Heat milk and cream over low-medium heat until almost simmering. Split vanilla bean and scrape the soft interior with the tip of a knife. Add to milk mixture while heating.
Separate eggs. Refrigerate whites for another use. Combine yolks with ¼ cup sugar and whisk well.
When milk is just starting to bubble around the edges, gently pour a very small amount into the yolk mixture and whisk. Continue to add in small amounts, whisking continuously until well combined.

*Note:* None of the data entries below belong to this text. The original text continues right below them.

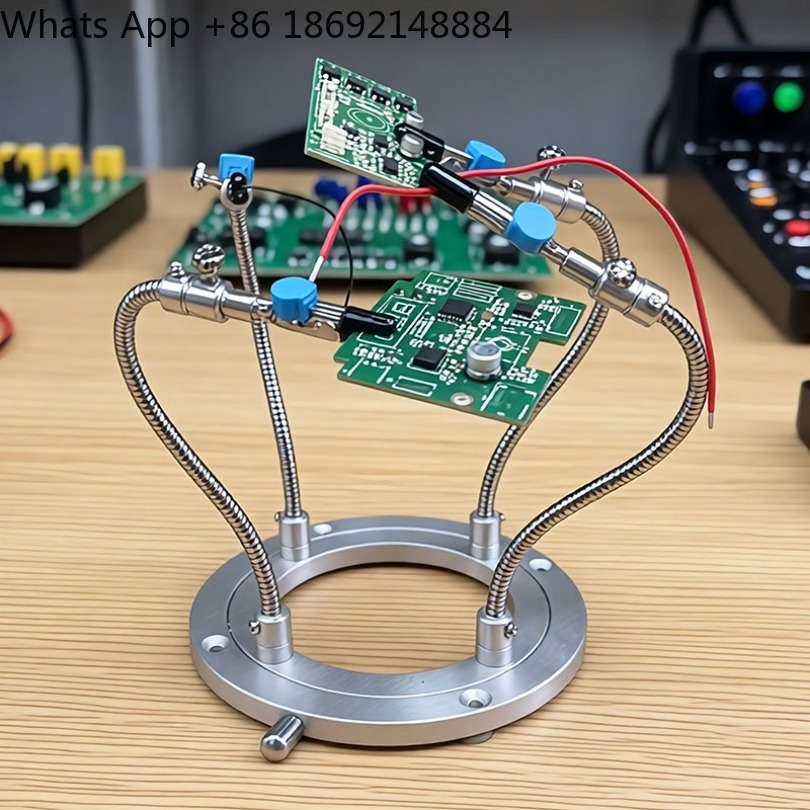 Pince crocodile pour tuyau, su - Diy Electronics Table avis et prix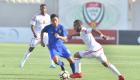 أبيض الشباب يواجه الأخضر السعودي في ختام كأس دبي الدولية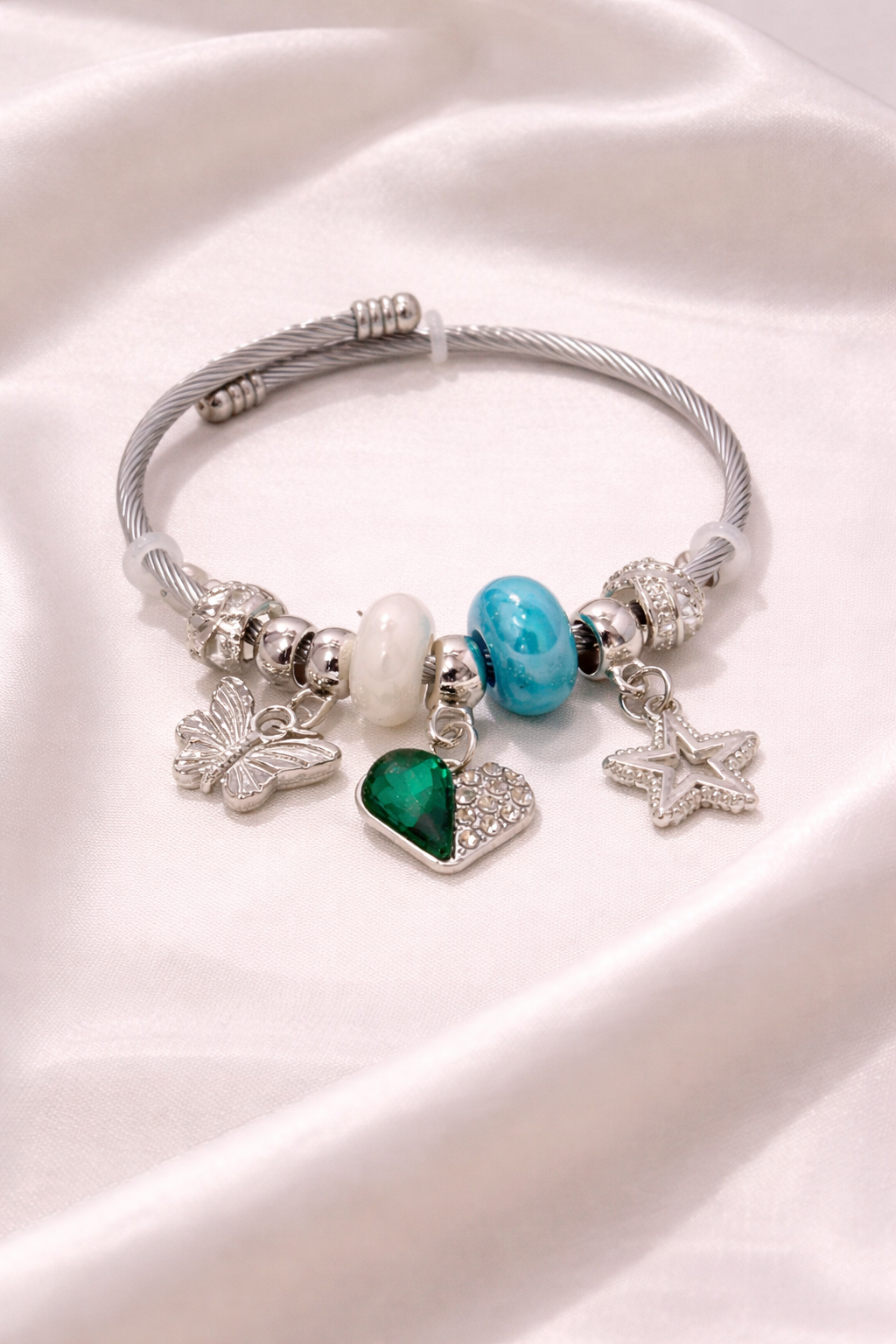 Aurora Dream Charm Bracelet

Place a dish cloth in the bottom of a large baking dish. Arrange 4 ramekins inside the dish so they aren't touching. Carefully pour custard evenly into the ramekins. You can strain the custard first if you prefer, however if you're using a real vanilla bean you may lose some of the seeds if the strainer is very fine.
Place the baking dish on the middle rack of the oven and pour boiling water into the dish, being careful not to get any water into the custards. Close the door and reduce the temperature to 300°.
Bake for 25-30 minutes. If you choose to make 6 smaller custards, baking time will be slightly reduced. They should jiggle slightly but not be liquidy.
Remove from oven and carefully remove ramekins to a rack. Once they are room temperature, cover with plastic wrap and refrigerate at least 4 hours or over night.
Right before serving combine white and brown sugar. Sprinkle about 1 Tbsp on each custard evenly. Torch the tops with a continuous movement until the sugar is melted and browning. Take care not to allow the sugar to burn. Or place custards under a preheated broiler on the top rack of the oven and watch carefully until tops are bubbling.
Let custards sit for a few minutes before serving to allow time for the sugar to harden.